September 2019
Simão Moraes Sarmento, simao.moraes.sarmento@tecnico.ulisboa.pt
Pairs Trading is one of the most valuable market-neutral strategies used by hedge funds. It is particularly interesting as it overcomes the arduous process of valuing securities by focusing on relative pricing. By buying a relatively undervalued security and selling a relatively overvalued one, a profit can be made upon the pair's price convergence. However, with the growing availability of data, it became increasingly harder to find rewarding pairs. In this work, we address two problems: (i) how to find profitable pairs while constraining the search space and (ii) how to avoid long decline periods due to prolonged divergent pairs. To manage these difficulties, the application of promising Machine Learning techniques is investigated in detail. We propose the integration of an Unsupervised Learning algorithm, OPTICS, to handle problem (i).

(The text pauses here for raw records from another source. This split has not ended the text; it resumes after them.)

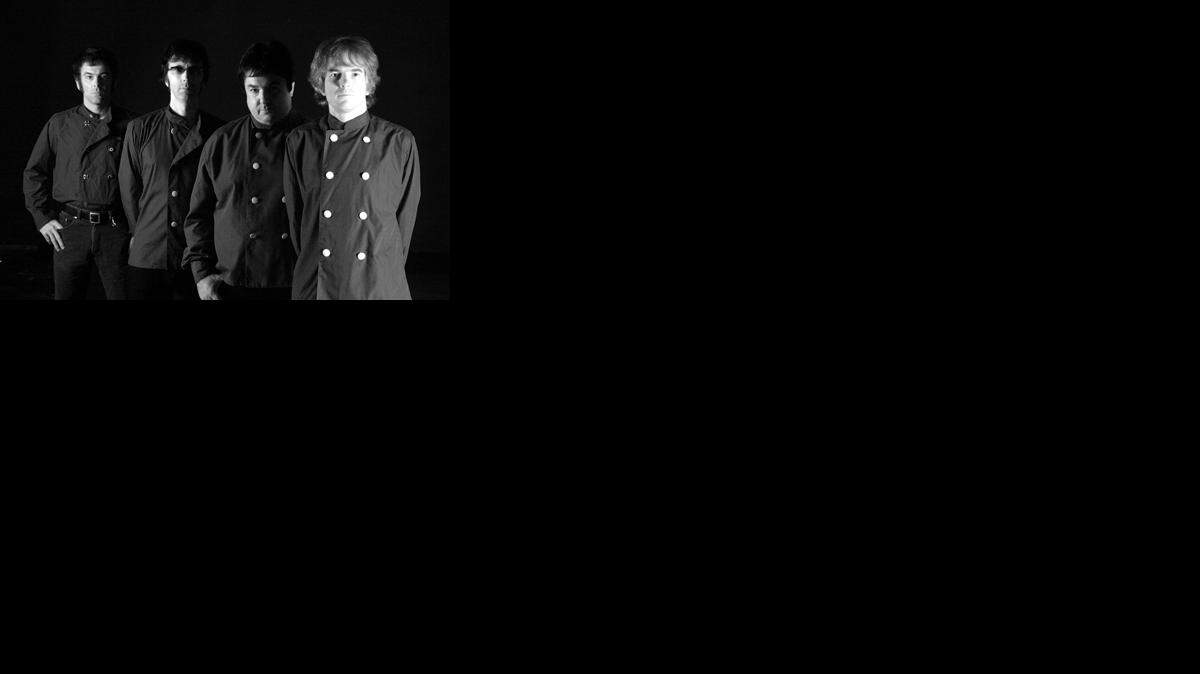 
The Woggles are a fixture on SIrius/XM's Underground Garage where frontman Manfred Jones is a DJ.

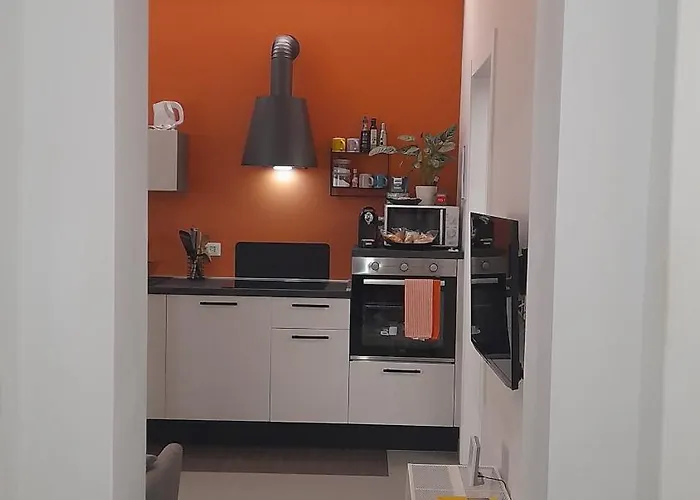 Apartament Civico 84 *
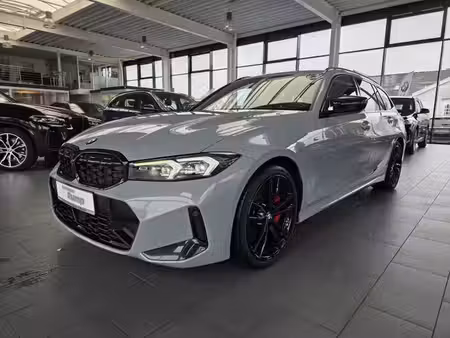 BMW Série 3 M340d 3.0 340 xDrive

The results obtained demonstrate the suggested technique can outperform the common pairs' search methods, achieving an average portfolio Sharpe ratio of 3.79, in comparison to 3.58 and 2.59 obtained by standard approaches. For problem (ii), we introduce a forecasting-based trading model, capable of reducing the periods of portfolio decline by 75%. Yet, this comes at the expense of decreasing overall profitability. The proposed strategy is tested using an ARMA model, an LSTM and an LSTM Encoder-Decoder. This work's results are simulated during varying periods between January 2009 and December 2018, using 5-minutes price data from a group of 208 commodity-linked ETFs, and accounting for transaction costs.
This repository contains all the code developed to produce the results presented in Thesis.pdf.
A detailed explanation concerning the code organization can be found in code_organization.pdf.
- The files have been organized in folders to make this repo tidier. Nevertheless, the code presented in the notebooks and in the training files presumes the class files are in the same directory.
- To rerun the notebooks or the training files the path to the classes must be adapted.
Data available in: https://www.dropbox.com/sh/0w3vu1eylrfnkch/AABttIlDf64MmVf5CP1Qy-XOa?dl=0
- Copy all the required files (data folder + classes + training files) to directory in Google Drive
- Run the notebook in the 'training' folder using google colab.